Based on the knowledge on central sensitization, on FM and on CFS, it is suggested that chronic widespread pain in CFS is the consequence of central sensitization. There are arguments and probable mechanisms that could explain this phenomenon in CFS. Also, in other chronic pain populations, central sensitization may play a key role. In fact, there are many similarities between CFS patients and other chronic pain populations such as patients with chronic low-back pain, whiplash, FM, etc. The psychosocial factors, for example, have been proved to contribute to pain perception in these different pain populations. But the specific nature of CFS such as the immunological abnormalities, elevated NO amounts, preceding infections etc., invites further research, in particular, on the possible contributory role of these abnormalities to pain processing in CFS.

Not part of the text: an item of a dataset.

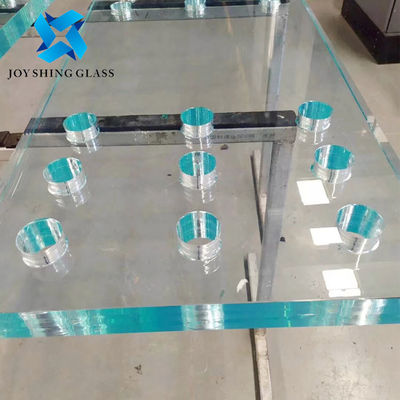 Ultrahelder kristal gelamineerd glas voor zwembaden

In FM, many researches have been conducted to prove the theory of central sensitization. In CFS, however, it sticks to “supposing.” To give a scientific basis to the theory, the protocols applied in FM investigations could be used for patients with CFS. It would, for example, be interesting to test the efficacy of temporal summation in CFS. The inhibitory control of pain could be another point of interest. The influence of exercise on pain tolerance has already been studied in CFS [88], however, on a relatively small sample. On the contrary, spatial summation has, to our knowledge, never been investigated in CFS. Furthermore, the role of depression, hypervigilance, kinesiophobia, catastrophising, etc. on chronic pain in CFS requires further research. To obtain more direct and objective information on central sensitization, the protocol described by Banic et al. [57] could be used to test the sensitivity of the central nervous system. Clearly, there are many possible research areas to test the hypothesis, but there is still a long way to go to elucidate the nature of the chronic pain in CFS.